And the issue was clearly on the minds of the hunters who turned out to air their concerns regarding deer management to wildlife staff in Tower. Hunters were frustrated with the DNR’s limited legal authority to manage the risks surrounding game farms, deer feeding, and also the sale of deer products, particularly urine-based scents, which several hunters suggested could be another means that the prions that cause CWD could be spread throughout the region.
Rusch acknowledged that the DNR has not tested the various deer scents that are sold throughout the state but acknowledged that they could pose a risk.
Rusch said other types of attractants, like mineral blocks, can also be a risk, since deer can spread prions in their saliva. He said that’s one reason he’s stopped using mineral licks where he hunts. “We can take a lot of these steps on our own,” said Rusch, suggesting that solutions aren’t always dependent on new laws or regulations.
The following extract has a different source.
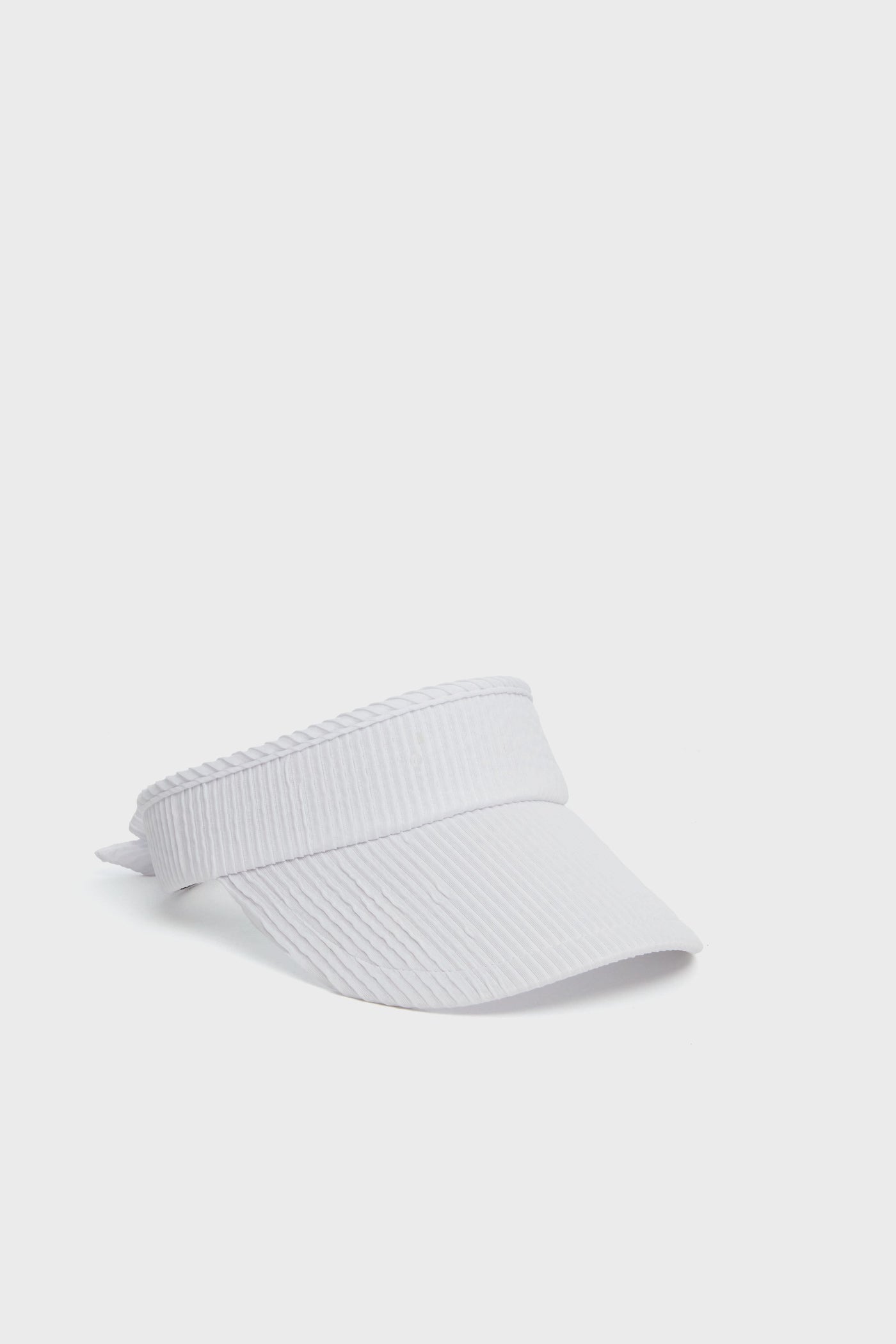 A sleek Lele Sadoughi white ribbed visor cap, crafted from a ruched poly blend for comfort and style, featuring an adjustable back strap.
The good news is that the one positive test north of Brainerd may be a relatively isolated instance. So far, Rusch said USDA animal control staff have taken about 20 other wild deer in the vicinity, without finding any other positive tests. But he noted that the owner of the game farm suspected in the transmission of CWD to the wild deer has refused to remove his animals and state law does not currently require that he do so. The farm has had several positive CWD tests in recent years.
Several hunters urged more study. Rusch agreed that more research is needed, but noted that wildlife studies are expensive. “Our budget can’t handle this,” he said, noting that the issue takes limited staff time away from other types of management work. He noted that DNR wildlife staff is already stretched thin, with just 2.5 full-time equivalent staff in Tower to cover a 3.1 million-acre work area.
Rusch also gave an update on the winter severity, in response to a question about why the DNR didn’t fund a feeding effort this year. Rusch said it appears the winter severity index will finish up the season at about 140-150. That’s considerably above the average of 115-120 in the area, but below 180 which is the general threshold to be considered “severe”. Yet even at 140, “we are losing deer,” said Rusch.
The winter severity index includes a point for each day with a snow depth of 15 inches or greater and each day with a temperature of zero degrees or below. The DNR uses the index as a management tool to gauge winter deer mortality.